Work required:
Reproduce every entry exactly.
══ Given data
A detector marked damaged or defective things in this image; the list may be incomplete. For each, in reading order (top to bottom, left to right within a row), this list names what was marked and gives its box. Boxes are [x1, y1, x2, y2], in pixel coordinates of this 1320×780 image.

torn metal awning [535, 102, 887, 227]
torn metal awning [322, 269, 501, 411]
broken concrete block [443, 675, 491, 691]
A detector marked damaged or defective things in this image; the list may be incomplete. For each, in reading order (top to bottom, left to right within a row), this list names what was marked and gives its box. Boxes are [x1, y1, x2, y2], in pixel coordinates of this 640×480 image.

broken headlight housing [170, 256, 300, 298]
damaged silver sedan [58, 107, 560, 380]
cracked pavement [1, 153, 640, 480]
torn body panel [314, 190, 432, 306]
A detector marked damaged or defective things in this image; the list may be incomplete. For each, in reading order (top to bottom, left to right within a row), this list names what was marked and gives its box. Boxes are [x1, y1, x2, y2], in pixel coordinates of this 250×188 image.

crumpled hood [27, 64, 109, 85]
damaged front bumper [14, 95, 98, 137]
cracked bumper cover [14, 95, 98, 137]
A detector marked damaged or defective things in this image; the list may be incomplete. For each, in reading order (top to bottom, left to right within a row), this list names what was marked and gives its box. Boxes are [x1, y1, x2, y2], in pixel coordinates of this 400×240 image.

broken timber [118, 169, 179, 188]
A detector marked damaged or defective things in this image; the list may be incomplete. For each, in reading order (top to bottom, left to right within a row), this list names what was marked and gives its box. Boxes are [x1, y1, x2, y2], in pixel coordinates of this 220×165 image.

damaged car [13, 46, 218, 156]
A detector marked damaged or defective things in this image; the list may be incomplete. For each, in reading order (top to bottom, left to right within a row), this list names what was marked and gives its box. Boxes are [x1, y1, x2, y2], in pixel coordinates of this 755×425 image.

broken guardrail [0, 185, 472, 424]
════
Task result:
A detector marked damaged or defective things in this image; the list may be incomplete. For each, in reading order (top to bottom, left to right within a row), this list names what was marked and gives its box. Boxes are [x1, y1, x2, y2], in pixel coordinates of this 1320×780 image.

torn metal awning [535, 102, 887, 227]
torn metal awning [322, 269, 501, 411]
broken concrete block [443, 675, 491, 691]
A detector marked damaged or defective things in this image; the list may be incomplete. For each, in reading order (top to bottom, left to right within a row), this list names what was marked and gives its box. Boxes are [x1, y1, x2, y2], in pixel coordinates of this 640×480 image.

broken headlight housing [170, 256, 300, 298]
damaged silver sedan [58, 107, 560, 380]
cracked pavement [1, 153, 640, 480]
torn body panel [314, 190, 432, 306]
A detector marked damaged or defective things in this image; the list may be incomplete. For each, in reading order (top to bottom, left to right within a row), this list names what was marked and gives its box. Boxes are [x1, y1, x2, y2], in pixel coordinates of this 250×188 image.

crumpled hood [27, 64, 109, 85]
damaged front bumper [14, 95, 98, 137]
cracked bumper cover [14, 95, 98, 137]
A detector marked damaged or defective things in this image; the list may be incomplete. For each, in reading order (top to bottom, left to right within a row), this list names what was marked and gives its box. Boxes are [x1, y1, x2, y2], in pixel coordinates of this 400×240 image.

broken timber [118, 169, 179, 188]
A detector marked damaged or defective things in this image; the list may be incomplete. For each, in reading order (top to bottom, left to right within a row), this list names what was marked and gives its box. Boxes are [x1, y1, x2, y2], in pixel coordinates of this 220×165 image.

damaged car [13, 46, 218, 156]
A detector marked damaged or defective things in this image; the list may be incomplete. For each, in reading order (top to bottom, left to right within a row), this list names what was marked and gives its box. Boxes are [x1, y1, x2, y2], in pixel coordinates of this 755×425 image.

broken guardrail [0, 185, 472, 424]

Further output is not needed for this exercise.